Vicinity Centres announced this week that 35 of its 62 directly-owned retail properties (57% by value) are in the final stages of being independently valued and the remaining properties are being internally valued, with an estimated net valuation decline for the overall portfolio of 1.3% or $202 million for the six month period to 30 June 2019.
The June valuations are subject to finalisation and audit, and will be confirmed in Vicinity’s 2019 annual results on 14 August 2019. The results reveal that income growth in the Flagship Centres (being Chadstone, CBD Assets and DFO Outlets) has grown valuations by 1.2% off the back of consistent cap rates, however the remaining portfolio has declined in value by $288M or -3.4%.
Regional and Major Regional Centres were the worst performing centres, down -4.5% in value with the future redevelopment of The Glen, Bayside, Bankstown and Chatswood Chase beginning to remove income from the assets.
The greatest impacts were in Western Australia which contributed to more than half of the estimated portfolio valuation loss, with a $130 million or -6.7% decline.
The challenging operating conditions in Western Australia, compounded by an increased competitive environment, has resulted in lower income forecasts and a softening in capitalisation rates for Vicinitys assets in WA.
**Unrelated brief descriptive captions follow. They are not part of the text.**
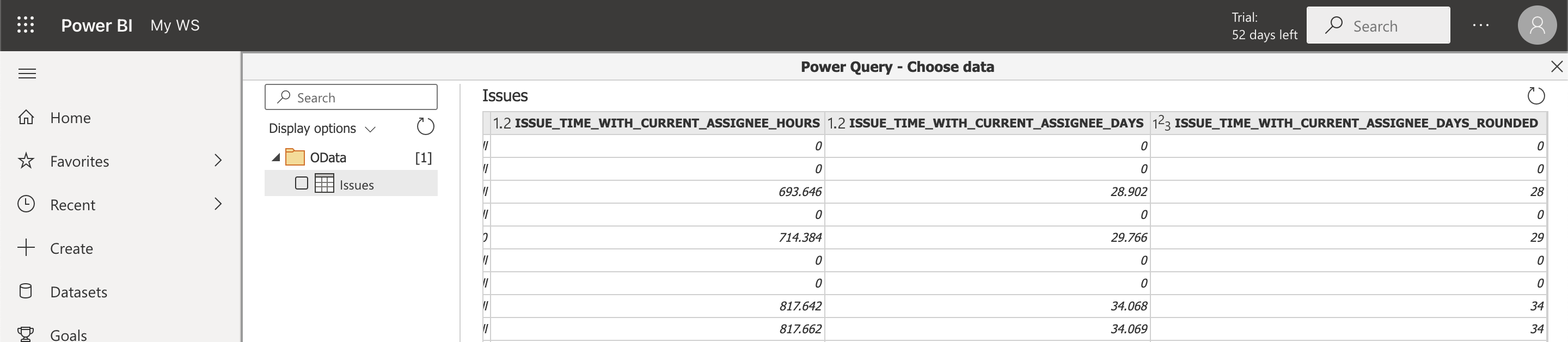 Screen Shot 2022-01-19 at 19.09.23.png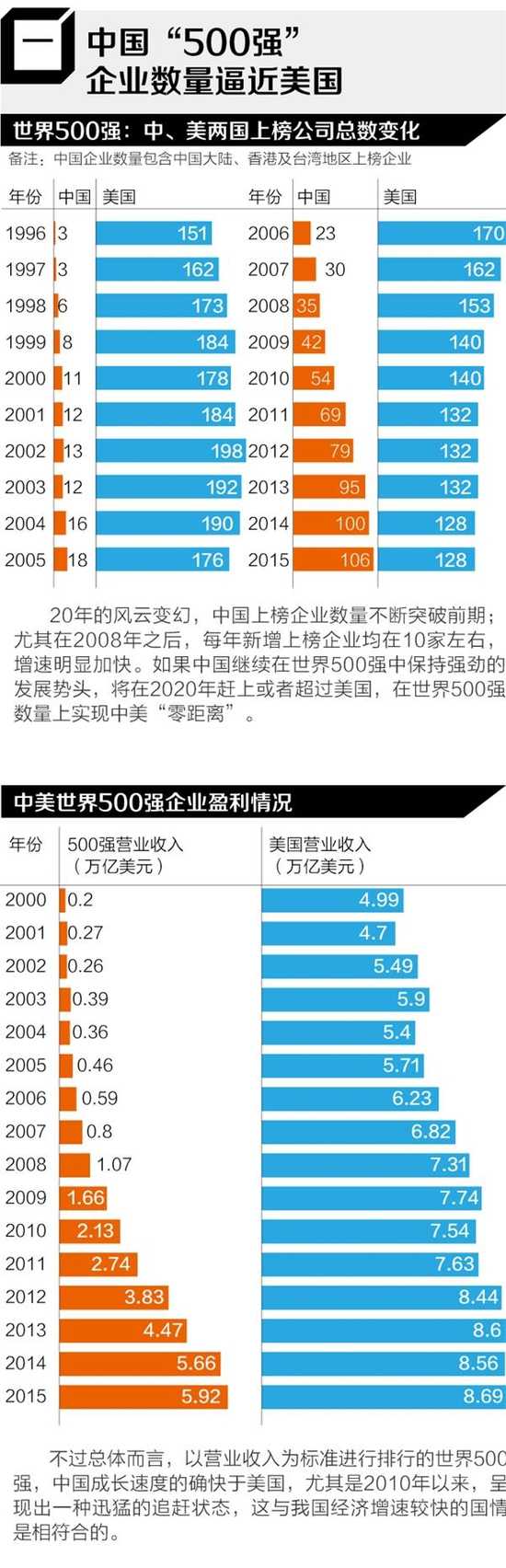 201512121521589fde5_550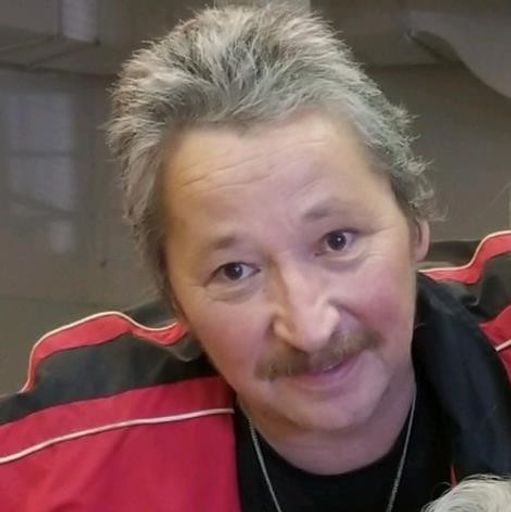 Raymond Albert Duran Profile Photo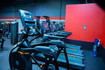 Image 4 from The Camp Transformation Center - North Hollywood partner gallery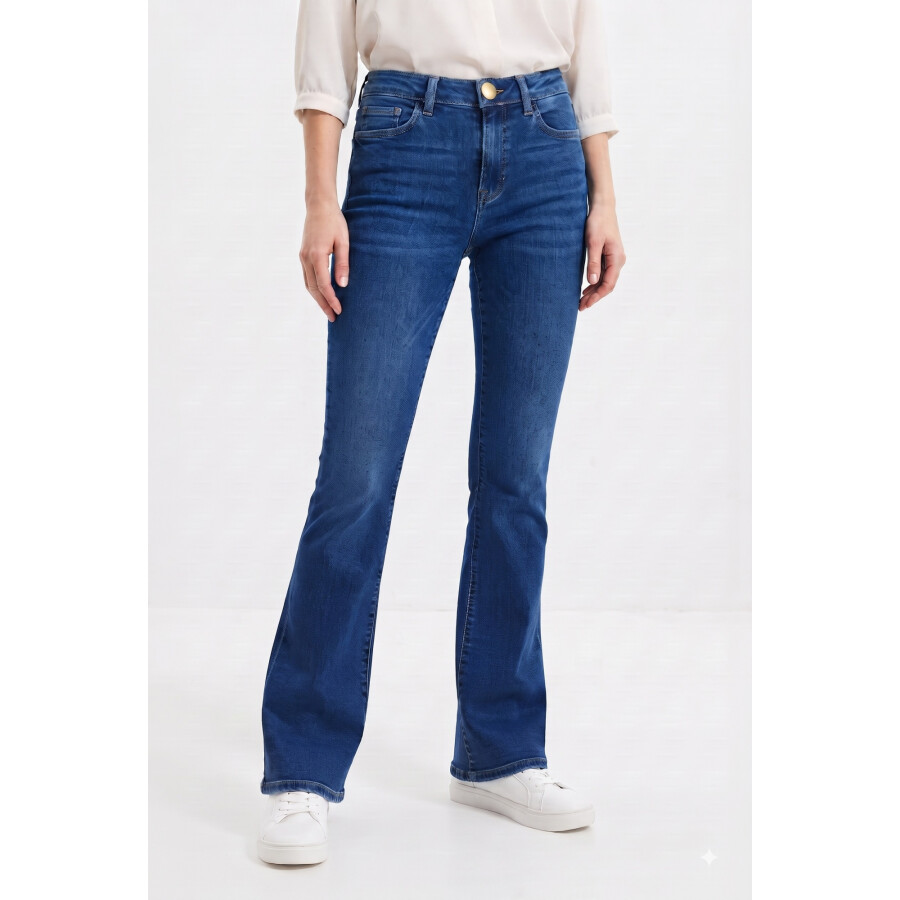 CHERRY JEAN DARKJEAN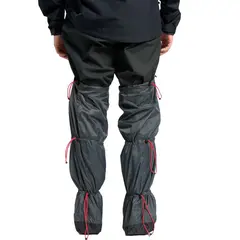 Fotposer Helsport Blizzard Fotposer 10451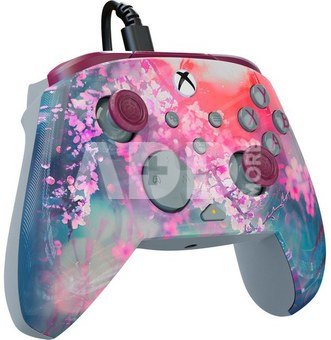 Turtle Beach controller Rematch Advanced Xbox, Kyoto Bloom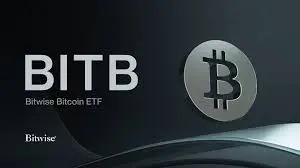 BITB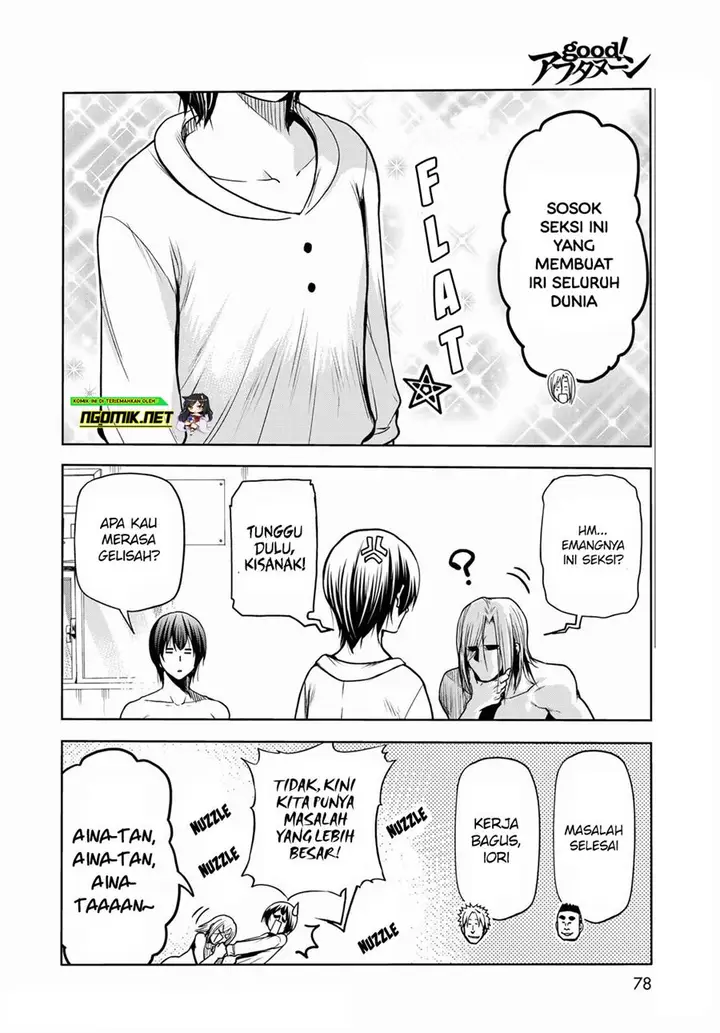 image-komik-grand-blue-chapter-73.2-18/27
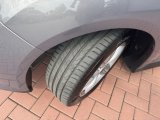 Autobazar Bylany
Across the portfolio, cap rate movement was minimal with Neighbourhood Centres softening 3bps to 6.34% and DFO Centres 1bps softer to 5.81%. Cap rates for Regional Centres was 2bps sharper at 5.77% and Sub Regionals 5bps sharper at 6.26%.
Mr Kelley said Vicinity announced its estimated valuations earlier than 30 June to facilitate an opportunity to issue bonds in debt capital markets. “A potential bond issuance will extend our weighted average debt maturity, decrease our weighting to bank debt, and with the recent material fall in interest rates, enable us to take advantage of lower borrowing costs,” Mr Kelley said.